Chefsache „Auspuff“?

Spitzengespräch im Bundeskanzleramt über „Klimaschutz-Sorgenkind Verkehr“ – Bundestag verwässert Grenzwerte

Seit Monaten beraten Experten und Interessenvertreter in der „Nationalen Plattform Zukunft der Mobilität“ (NPM – Nachfolgeorganisation der Nationalen Plattform für Elektromobilität) ohne konkrete Ergebnisse über mögliche CO2-Senkungen im Verkehrssektor. „Klimaschutz-Sorgenkind Verkehr“  nannte ein Medium den immer weiter zurückbleibenden Sektor der Energiewende. Nun hatte Bundeskanzlerin Merkel die NPM-Führung am 14.03.2019 zu einem nichtöffentlichen Treffen in ihr Amt geladen – daran nahmen auch Bundesumweltministerin Svenja Schulze (SPD), Bundesverkehrsminister Andreas Scheuer (CSU), sowie die Spitzen der Koalition teil.

Legislative und Exekutive – das Bundeskanzleramt vom Paul-Löbe-Haus aus gesehen – Foto © Gerhard Hofmann, Agentur Zukunft für Solarify

„Absichtserklärungen und vage Versprechen haben den CO2– Ausstoß im Verkehr seit 29 Jahren stagnieren lassen. Es ist höchste Zeit für eine Verkehrswende“, sagte Benjamin Stephan, Greenpeace-Experte für Mobilität. „Damit Autokonzerne den Umstieg auf abgasfreie Antriebe nicht noch länger verzögern, braucht Deutschland ein festes Datum, wann die letzten Diesel und Benziner verkauft werden.“ Um die mit dem Pariser Klimaabkommen eingegangenen Zusagen einzuhalten und den globalen Temperaturanstieg auf 1,5 Grad zu begrenzen, dürfen ab 2025 keine weiteren Diesel und Benziner mehr verkauft werden. Bis 2035 müssten mindestens 80 Prozent aller Pkw mit Verbrennungsmotor von der Straße verschwunden sein, so das Ergebnis einer von Greenpeace beauftragen Studie aus dem vergangenen Jahr.
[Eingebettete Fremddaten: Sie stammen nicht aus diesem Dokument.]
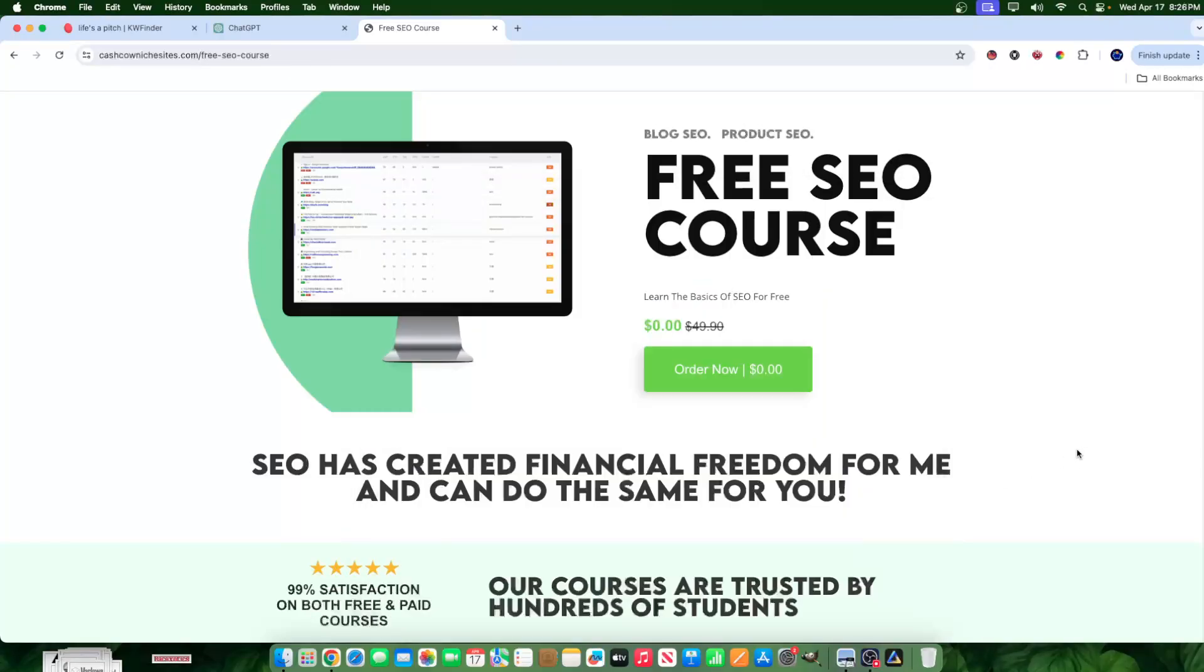Today, I'm going to show you the easiest and most basic way to do SEO for print on demand products. You could also do this for other things as well.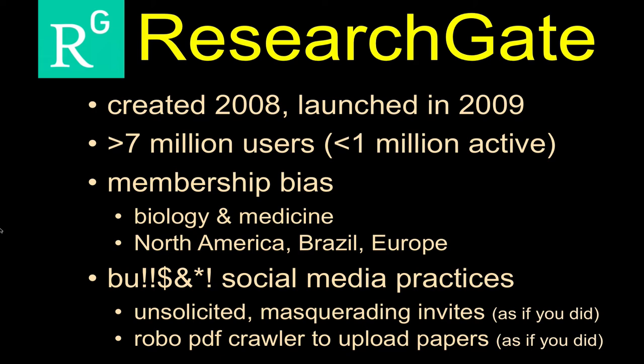ResearchGate has a membership bias, in that it's really heavily represented by scientists in the life sciences, so biology folks, medicine, medical researchers. It's not globally representative. North America is overrepresented, as is Europe, and places like Brazil. But for many of your needs, the fact that it involves biology and it really has a home in North America is good enough for a lot of your basic research here in California.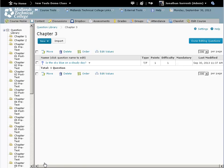Or click on the done editing questions button to return to the assessments tool.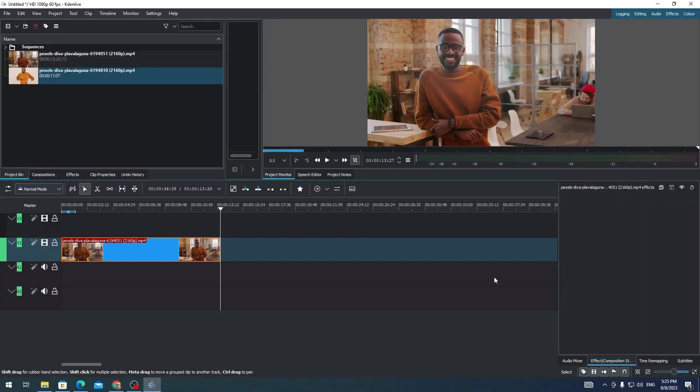Hi everyone, on this video I'm going to show you how to add transition on your clips on Kdenlive. So if you want to add transitions on your clips on Kdenlive, all you need to do is...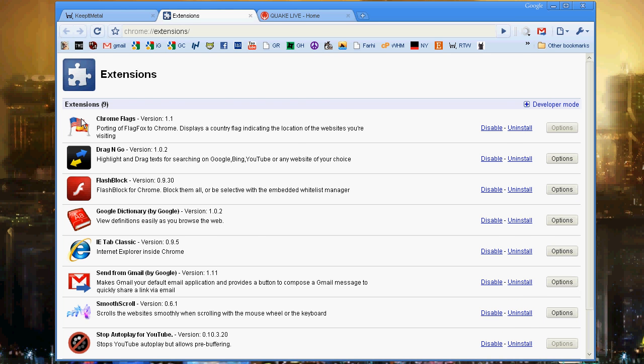I have my favorites here, and I've got some that are just ridiculously silly. But I do like Chrome Flags. It puts a little flag up here in the corner, which is cool because I'm browsing a lot of metal sites, and it's cool to see what country the website's from.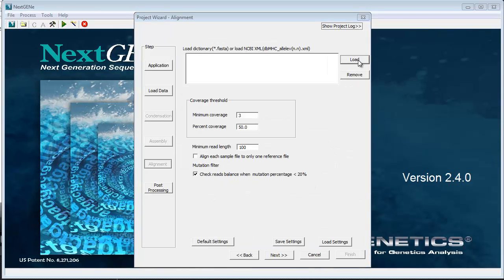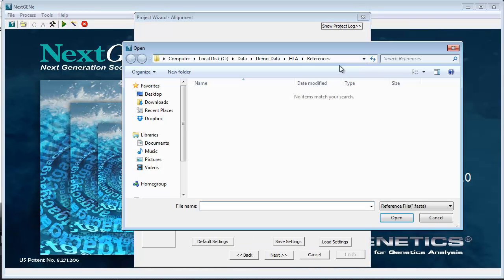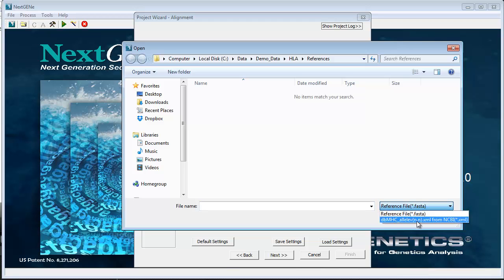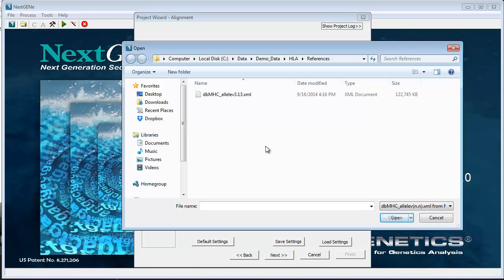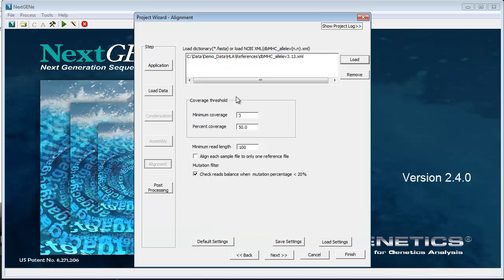Click Load to load the dictionary file downloaded from NCBI in XML format. The following settings can be modified as needed.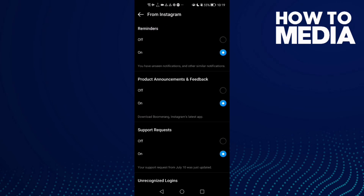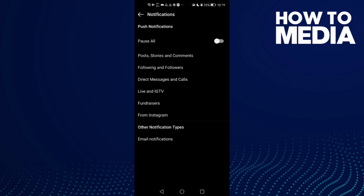Here you will find the Reminders and here you can manage it — you can turn it off. Just go back and it will be saved.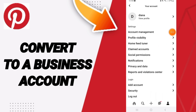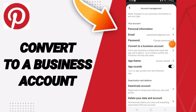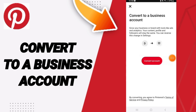Then on this page we go to the window of account management. Then in this list we go to the window of convert to a business account.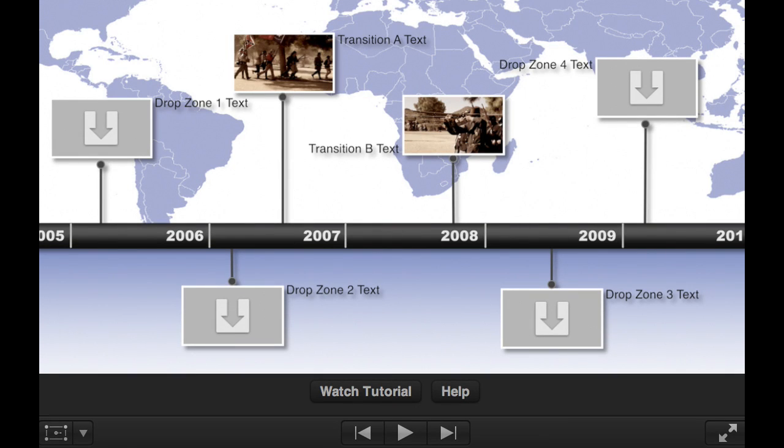Hi, this is Mark Spencer from Ripple Training. This is a quick tutorial on how to use the history timeline as part of the Ripple Timelines collection of transition effects.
Länder wie Norwegen, Schweden und Dänemark haben sich darauf bereits eingestellt und das Ende des Verbrenners beschlossen, um die globale Klimakrise in den Griff zu bekommen.

Verkehr liegt hinten

Der CO2-Ausstoß im Verkehr ist seit 1990 nicht zurückgegangen. Der Vorsitzende des Verkehrsausschusses im Bundestag, Cem Özdemir (Grüne), nannte die Einladung Merkels gegenüber dpa eine „Watschn“ für Verkehrsminister Andreas Scheuer (CSU). Eine „Ohrfeige für Scheuer“ titelte erst jüngst die Süddeutsche Zeitung, nachdem die EU-Kommission Zweifel Scheuers an geltenden Grenzwerten für saubere Luft „brüsk zurückgewiesen“ hatte. Wissenschaftliche Erkenntnisse rund um Stickstoffdioxid und Feinstaub wiesen „immer wieder auf negative Auswirkungen auf die Gesundheit hin“, hatte es in einem (der SZ vorliegenden) Brief gleich dreier Kommissare (Violeta Bulc, Verkehr; Karmenu Vella, Umwelt, und Elbieta Biekowska, Binnenmarkt) an Scheuer geheißen.“Süffisant“ nannte der SPIEGEL ihre Antwort: Die Kommission lehnte denn auch eine Neubewertung der geltenden Schadstoffgrenzwerte erwartungsgemäß schlicht ab. Scheuer hatte das in einem Brief gefordert, nachdem deutsche Lungenfachärzte um Dieter Köhler die geltenden Grenzwerte angezweifelt hatten. Inzwischen gibt es keinen Zweifel, dass sich die medizinischen Feinstaub-Leugner auf falsche Werte gestützt haben. Scheuer verlangte von Brüssel, die EU-Kommission müsse sich mit den Zweiflern auseinandersetzen – noch bevor die Fehlberechnungen herausgekommen waren. Für Scheuer ist die Antwort aus Brüssel ein erneuter Dämpfer. Bundeskanzlerin Merkel hat den Streit  um Grenzwerte laut SPIEGEL längst zur Chefsache erklärt und Forscher beauftragt, die Vorwürfe unabhängig zu prüfen und aufzuklären.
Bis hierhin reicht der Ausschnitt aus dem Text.